Exercise requirements :: Everything from the line containing "LED T3 1/4 WEDGE" through the last line of the data below is to be retyped exactly, apart from the pictures.

Material for this task ::
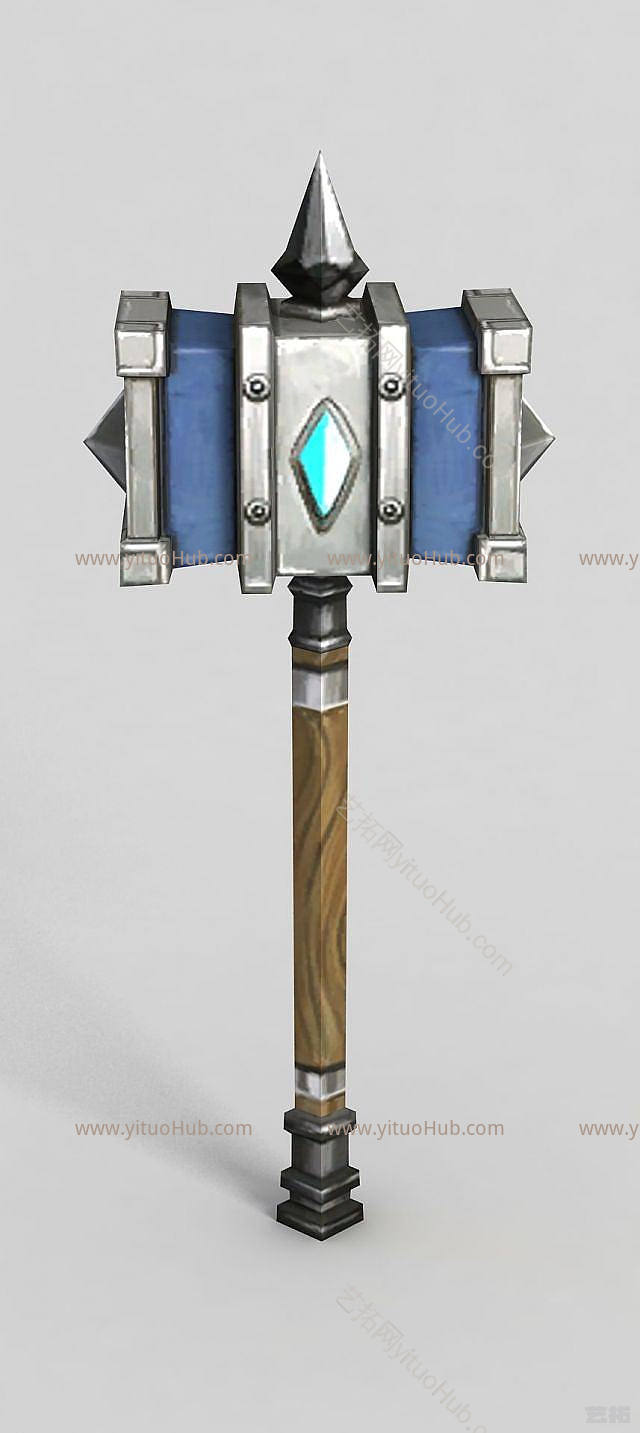 现代龙之谷武器斧头锤子模型
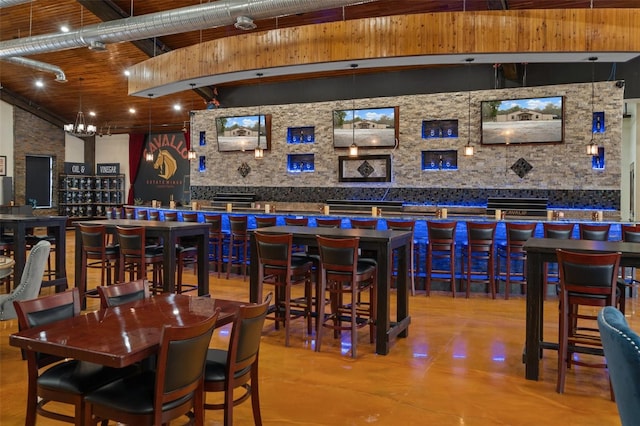 bar with a towering ceiling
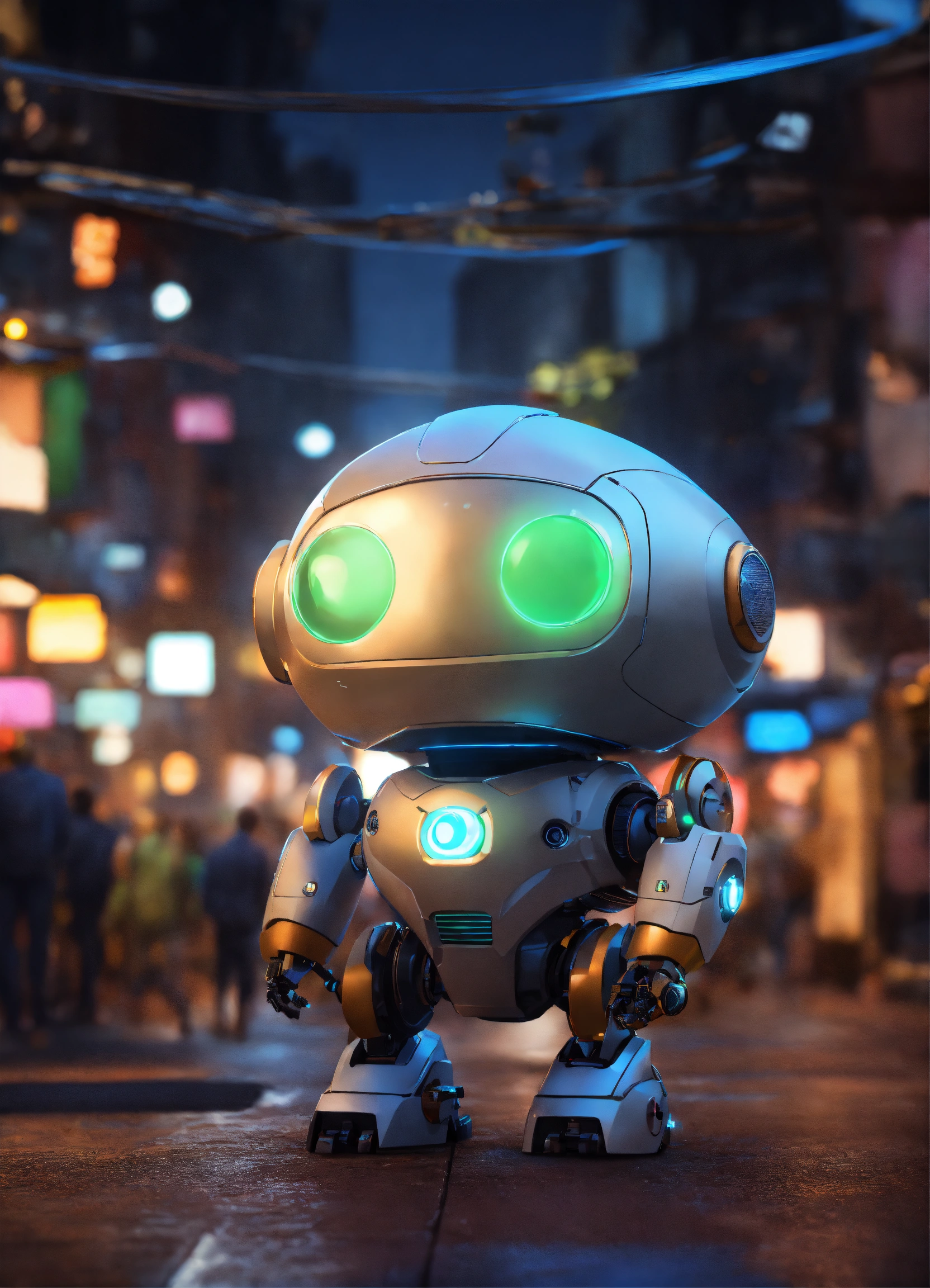 Lexica - Unreal engine render of a cute tiny robo in a busy, crowded ...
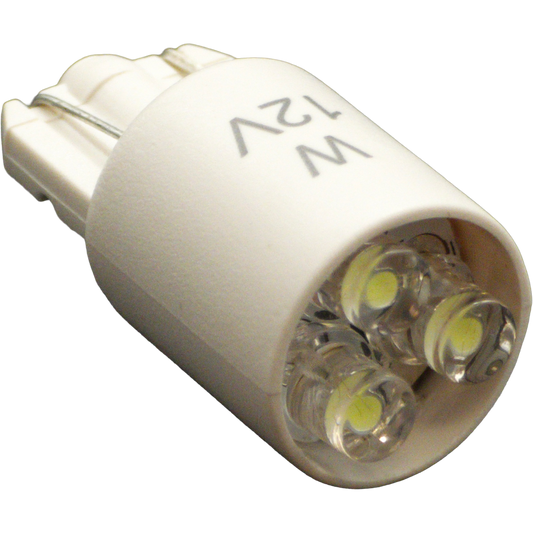 LED T3 1/4 WEDGE BASE 12VDC 3 CHIP WHITE (ROHS) [E00049]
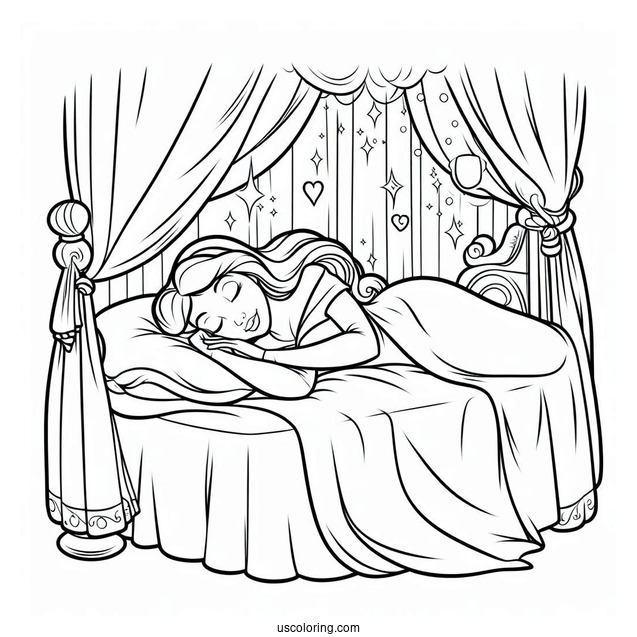 Sleeping Beauty Asleep In Bed Coloring Page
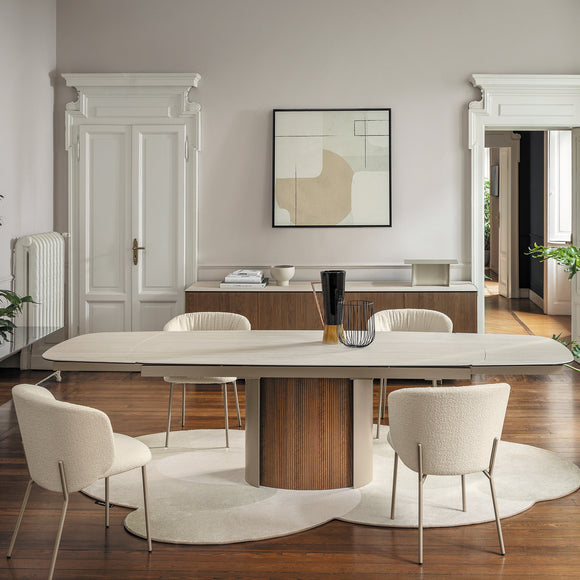 Yoroi Extendable Dining Table Matt Pearl Beige Calligaris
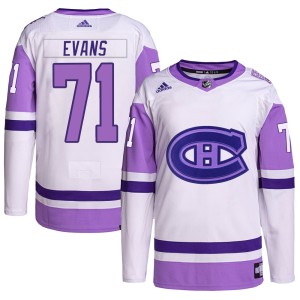 Jake Evans Youth Adidas Montreal Canadiens Authentic White/Purple Hockey Fights Cancer Primegreen Jersey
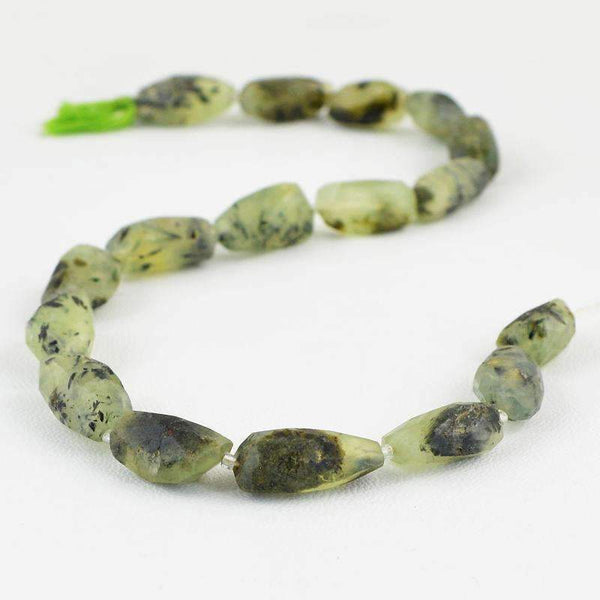 gemsmore:Natural Faceted Green Phrenite Beads Strand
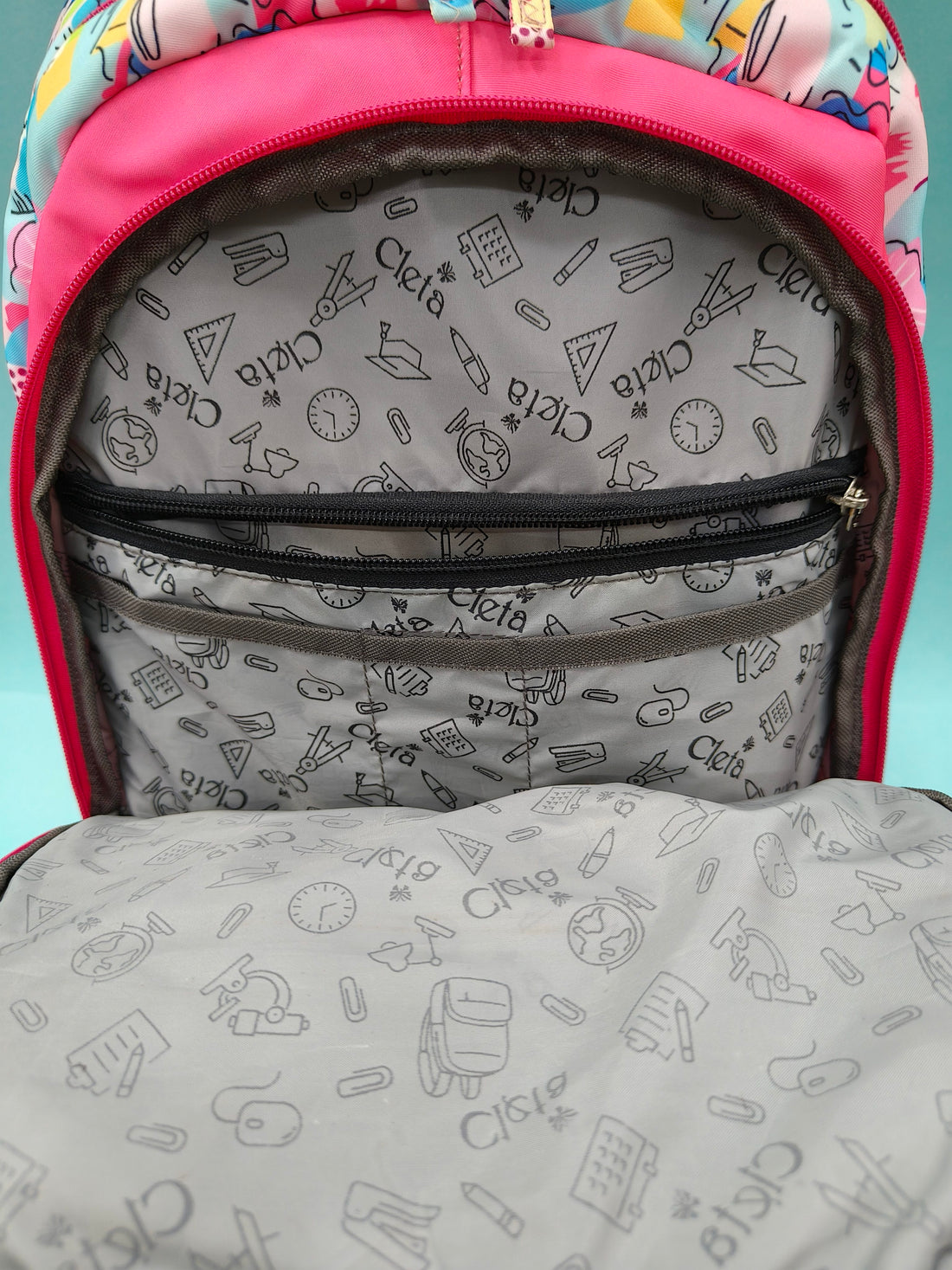 Premium Multi-Print School Bag for Girls and Kids | Spacious Interiors Casual Backpack Perfect for School, Everyday Use - Includes Free Stationery Pouch | 2 in 1 Backpack for Kids | 4 Zip School Bag for Kids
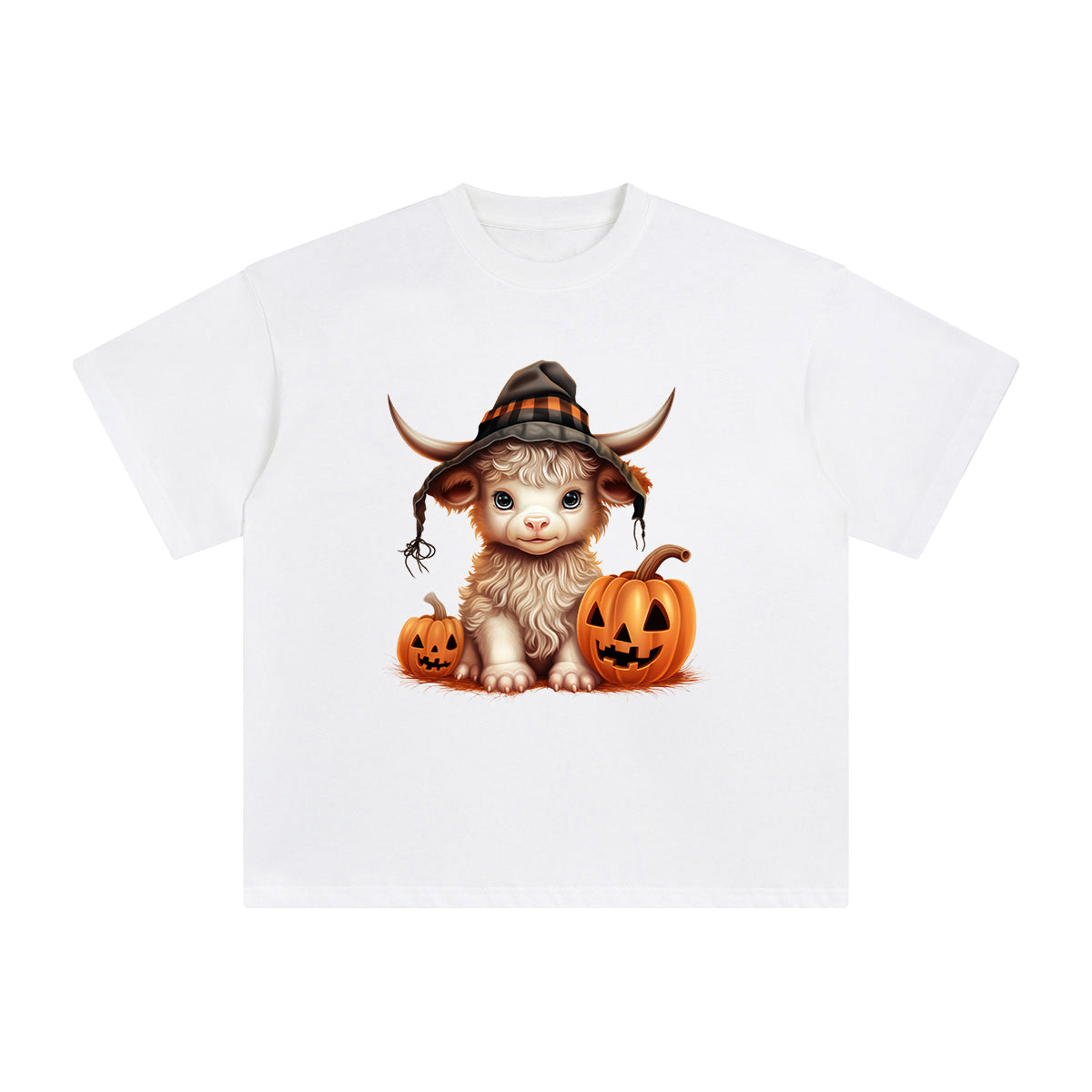 Halloween Highland Cow Graphic Tee-INNBLAC Fashion Apparel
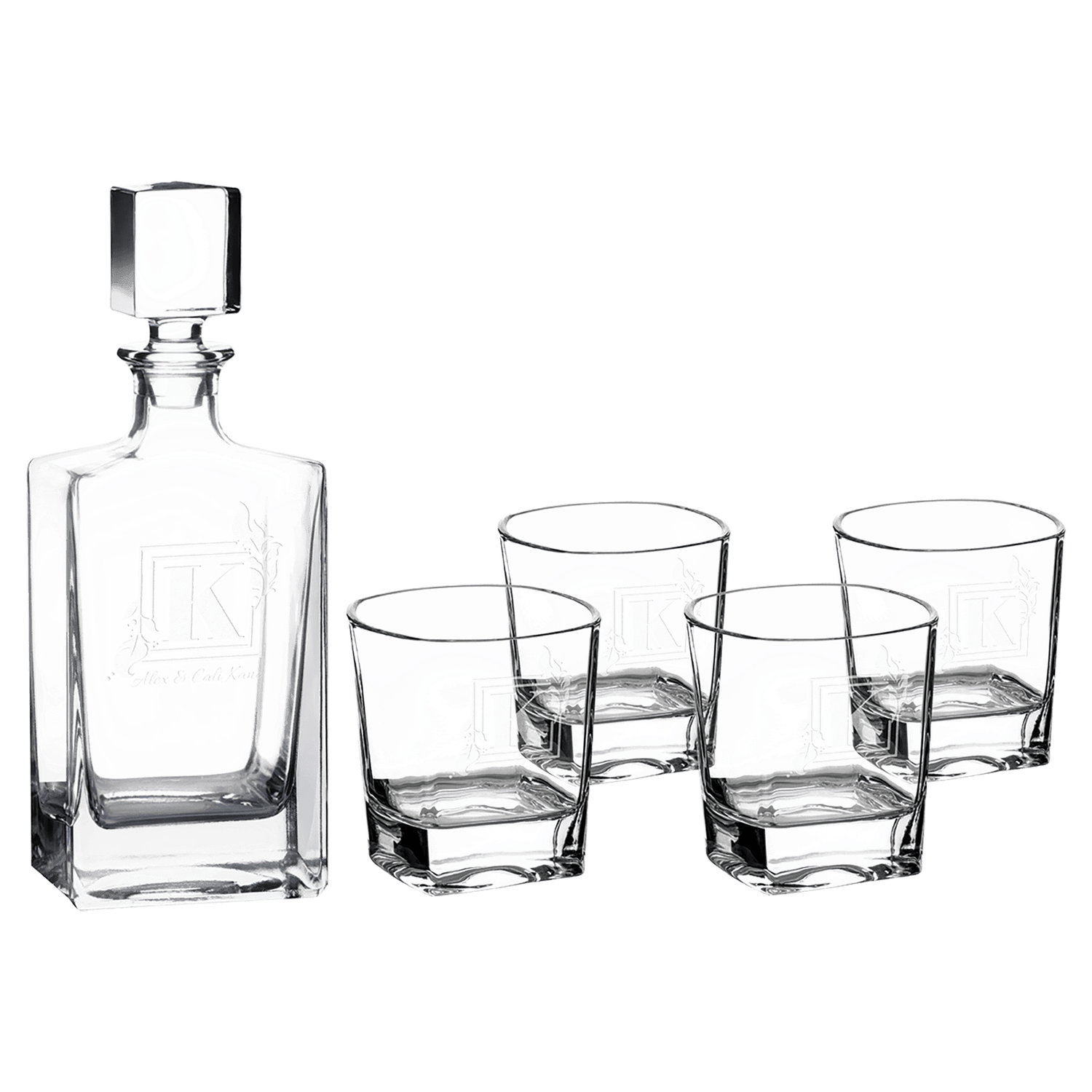 810mL Rectangle Glass Decanter Set with Four 8 oz. Rocks Glasses in Black Gift Box with Printed Paper Sleeve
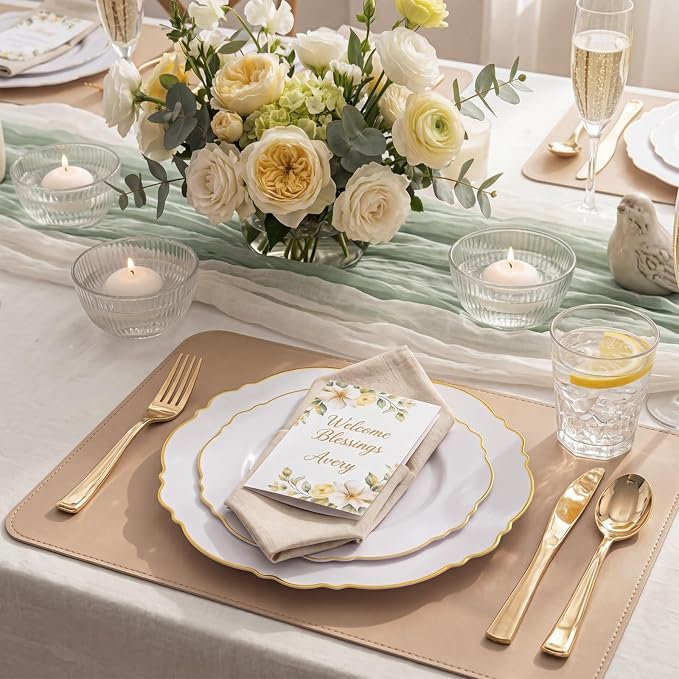 60pcs White and Gold Plastic Plates - Image 2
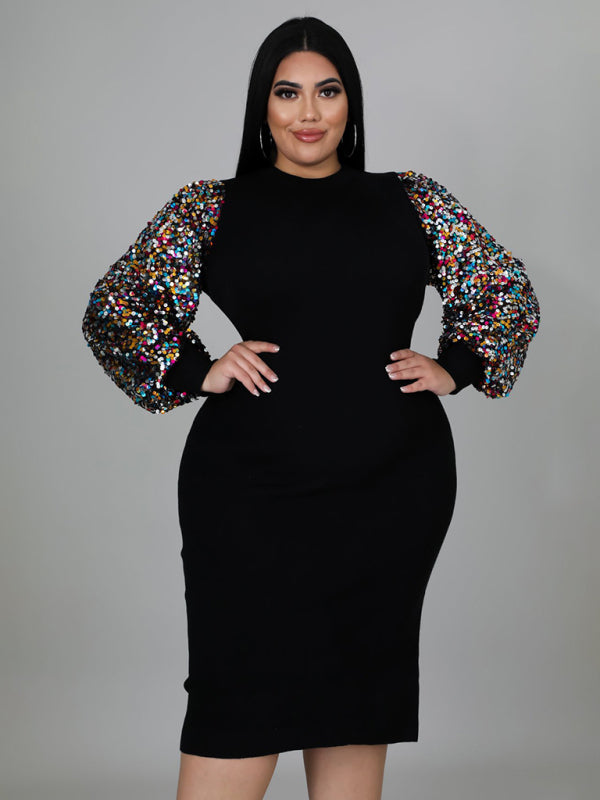 Bodycon Dresses- Curvy Plus Size Sequin Bodycon Dress with Long Sleeves- Black- Chuzko Women Clothing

Task answer ::
 LED T3 1/4 WEDGE BASE 12VDC 3 CHIP WHITE (ROHS) [E00049]
 Sleeping Beauty Asleep In Bed Coloring Page
 Yoroi Extendable Dining Table Matt Pearl Beige Calligaris
 Jake Evans Youth Adidas Montreal Canadiens Authentic White/Purple Hockey Fights Cancer Primegreen Jersey
 gemsmore:Natural Faceted Green Phrenite Beads Strand
 Premium Multi-Print School Bag for Girls and Kids | Spacious Interiors Casual Backpack Perfect for School, Everyday Use - Includes Free Stationery Pouch | 2 in 1 Backpack for Kids | 4 Zip School Bag for Kids
 Halloween Highland Cow Graphic Tee-INNBLAC Fashion Apparel
 810mL Rectangle Glass Decanter Set with Four 8 oz. Rocks Glasses in Black Gift Box with Printed Paper Sleeve
 60pcs White and Gold Plastic Plates - Image 2
 Bodycon Dresses- Curvy Plus Size Sequin Bodycon Dress with Long Sleeves- Black- Chuzko Women Clothing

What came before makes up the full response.